Using Web Technologies For The Local User Interface
This is a rough concept for using web technologies for the local user interface, replacing the Swing-based user interface. The basic idea is this:
- The user downloads the software
- They start languagetool-standalone.jar
- A local webserver is started on port 8080 (other ports are tried automatically if 8080 is used already)
- The user's default web browser is started, showing http://localhost:8080, which looks a lot like languagetool.org today but with more features (set mother tongue, activate/deactivate rules, …)

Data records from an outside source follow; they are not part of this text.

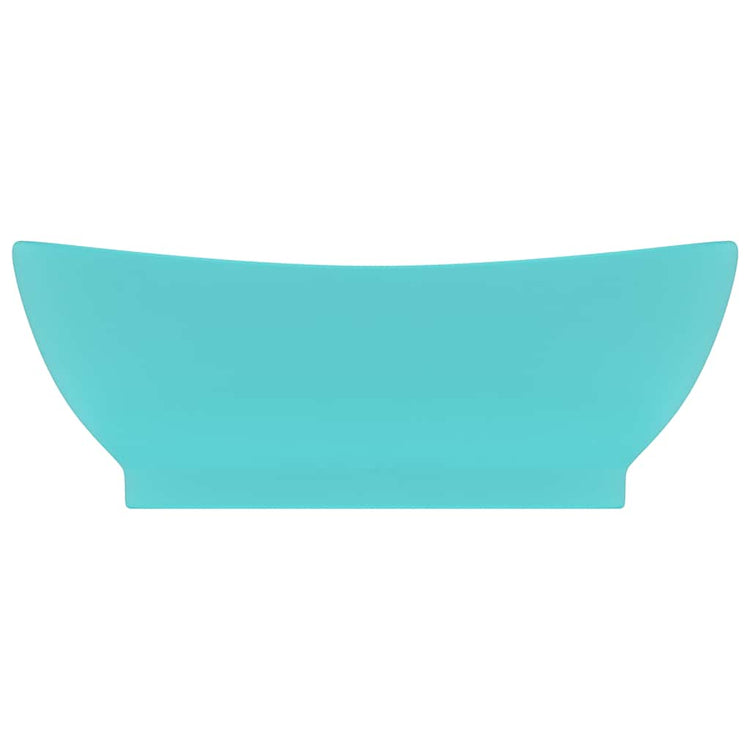 Vidaxl Washingin avec atterrissage ovale 58,5x39 cm Céramique Matt vert clair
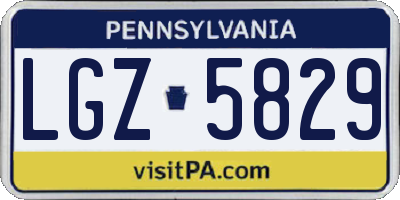 PA license plate LGZ5829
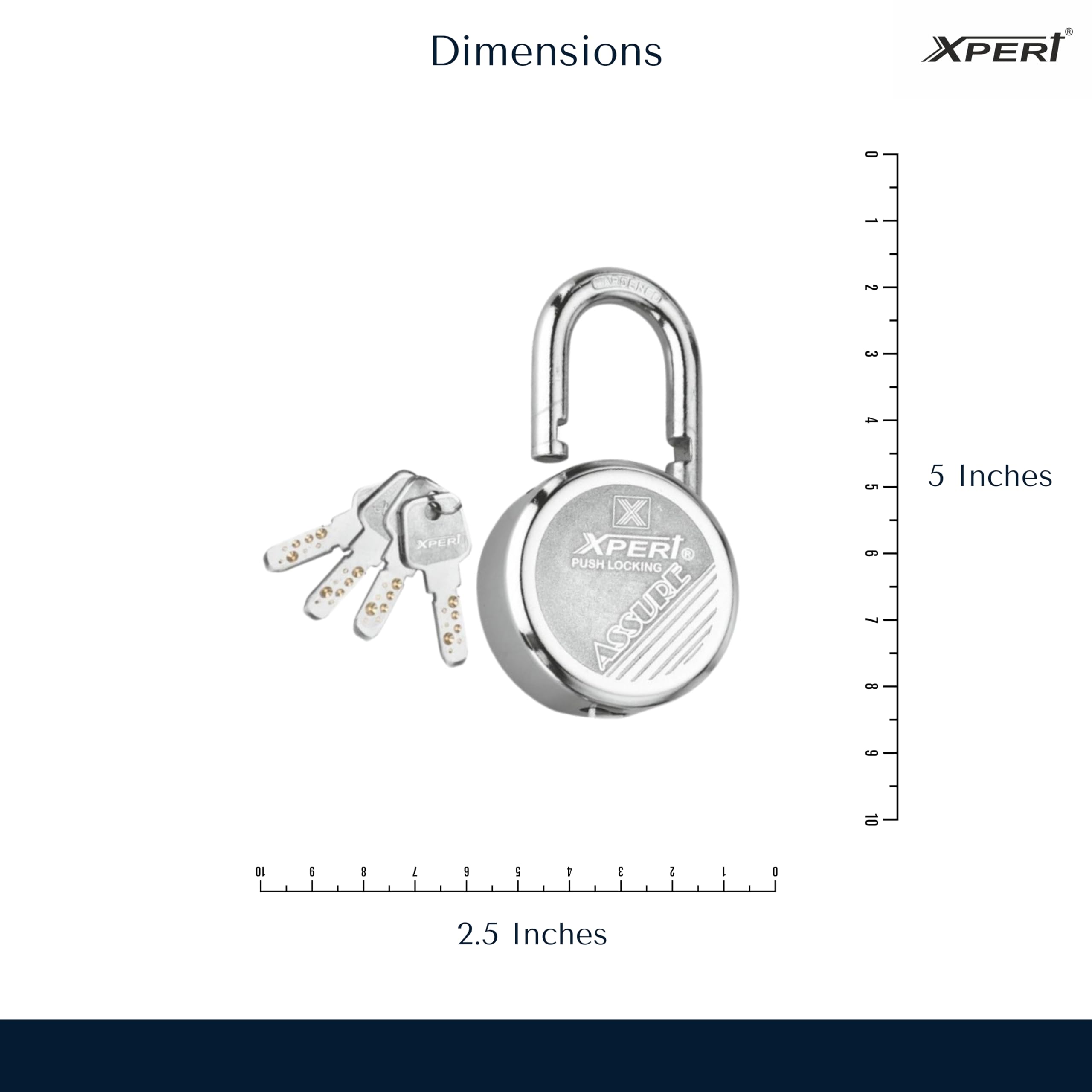 Xpert Assure 67MM (Medium Size) Padlock, Pack of 1. Made of Stainless Steel, Locks for Home, Padlocks for Home Door. Tala Lock and Key. 2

- When the user checks a text, the API running at http://localhost:8080 is used
No features would be lost compared to before, as there's still the server part running which can e.g. store configuration files or show an LT icon in the task bar. In other words, we're not limited by what Javascript can do. Privacy is as good as with the old stand-alone version, as no personal data leaves the user's computer.
What's good about this?
- We'd be using the same technology for the stand-alone client and the web interface
- By doing so, the interface at languagetool.org would become complete, features like rule configuration would be added
- We'd be using technologies that are more widespread among developers than Swing is
- It's easy to add a "remote" mode, where a different LT server is used instead of the local one (e.g. to take advantage of the ngram data which is available on languagetool.org, but usually not locally)
What's bad about this?
- HTML + Javascript + CSS + server part is at least as complex as Swing
- It's a lot of work
Status
There's an incomplete prototype implementation, see page attachments. The main class to start is LocalWebAppConcept.